Humerus and Clavicle Fractures
Proximal Humerus Fractures
Humerus is the upper arm bone and it forms two joints —shoulder joint and elbow joint. The proximal humerus is the upper end of arm bone that forms shoulder joint. Fractures of proximal humerus are common in elderly individuals suffering from osteoporosis. Fractures are caused by traumatic injuries such as a fall on outstretched hand from greater heights or motor vehicle accidents. In younger individuals, a severe trauma can cause these fractures.
Proximal humerus fractures can be categorized into 4 groups:
- Greater tuberosity fractures: Greater tuberosity is the insertion site for attachment of rotator cuff tendons. Greater tuberosity fractures are less common and are seen in cases of shoulder dislocations and in those with osteoporosis. Greater tuberosity fragment is pulled off when cuff muscle contracts or anterior shoulder dislocates. Direct impact to the shoulder causes the tuberosity bone to break into multiple fragments Partial rotator cuff tears often accompany non-displaced fractures and these fractures can be diagnosed using MRI or diagnostic arthroscopy.
- Lesser tuberosity fractures: These fractures often caused by posterior shoulder dislocations or traumatic muscle contractions by electrical shock or convulsions. If left untreated, these fractures cause subscapularis muscle (stabilizer and mobilizer muscle) deficiency and requires a major muscle transfer procedure.
- Surgical neck fractures: Fractures of the surgical neck are most common in patients with osteoporotic bone. These fractures also damage the axillary nerve that carries sensory information from shoulder.
- Humeral head fractures: Humeral head fractures are very often in elderly individuals and chances are more in those with osteoporotic bone. These fractures occur in younger individuals by significant trauma whereas a mild traumatic injury can cause fracture in elderly individuals with osteoporosis.
In addition to above, another type of proximal humerus fractures is two, three, and four part fractures, a fracture cause multiple fragmentation of the proximal humerus.
Patients with proximal humerus fracture experience severe pain, swelling, and restricted motion of the shoulder.
Proximal humerus fracture is diagnosed by physical examination, X-ray of the affected area and/or computerized tomography (CT) scan.
Most proximal humerus fractures are minimally displaced and can be treated with conservative approaches such as use of sling to immobilize and early physical therapy to improve the functional outcome. Surgery may be necessary in displaced fractures. The multiple fragments are fixed with plates, screws, or pins and in severe cases a shoulder replacement surgery is performed.
Clavicle fracture, also called broken collarbone is a very common sports injury seen in people who are involved in contact sports such as football and martial arts as well as impact sports such as motor racing. A direct blow over the shoulder that may occur during a fall on an outstretched arm or a motor vehicle accident may cause the clavicle bone to break. Broken clavicle may cause difficulty in lifting your arm because of pain, swelling and bruising over the bone.

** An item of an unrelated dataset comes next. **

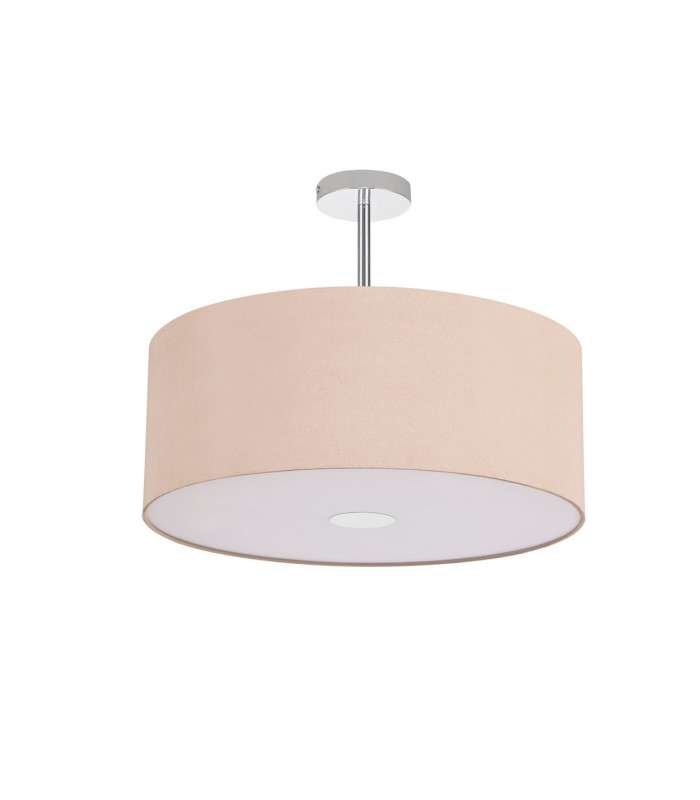 Baymont Polished Chrome 3 Light E27 Semi Flush With 50cm x 20cm Dual Faux Silk Shade Antique Gold/Ruby-4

Broken clavicle bone, usually heals without surgery, but if the bone ends have shifted out of place (displaced) surgery will be recommended. Surgery is performed to align the bone ends and hold them stable during healing. This improves the shoulder strength. Surgery for the fixation of clavicle fractures may be considered in the following circumstances:
- Multiple fractures
- Compound (open) fractures
- Fracture associated with nerve or blood vessel damage and scapula fracture
- Overlapping of the broken ends of bone (shortened clavicle)
Plates and Screws fixation
During this surgical procedure, your surgeon will reposition the broken bone ends into normal position and then uses special screws or metal plates to hold the bone fragments in place. These plates and screws are usually left in the bone. If they cause any irritation, they can be removed after fracture healing is complete.
Placement of pins may also be considered to hold the fracture in position and the incision required is also smaller. They often cause irritation in the skin at the site of insertion and must be removed once the fracture heals.
Patients with diabetes, the elderly individuals and people who make use of tobacco products are at a greater risk of developing complications both during and after the surgery. In addition to the risks that occur with any major surgery, certain specific risks of clavicle fracture surgery include difficulty in bone healing, lung injury and irritation caused by hardware.
Percutaneous elastic intramedullary nailing of the clavicle is a newer and less invasive procedure with lesser complications. It is considered as a safe method for fixation of displaced clavicle fractures in adolescents and athletes as it allows rapid healing and faster return to sports. The procedure is performed under fluoroscopic guidance. It involves a small 1 cm skin incision near the sternoclavicular joint, and then a hole is drilled in the anterior cortex after which an elastic nail is inserted into the medullary canal of the clavicle. Then the nail is passed on to reach the fracture site. A second operation to remove the nail will be performed after 2-3 months.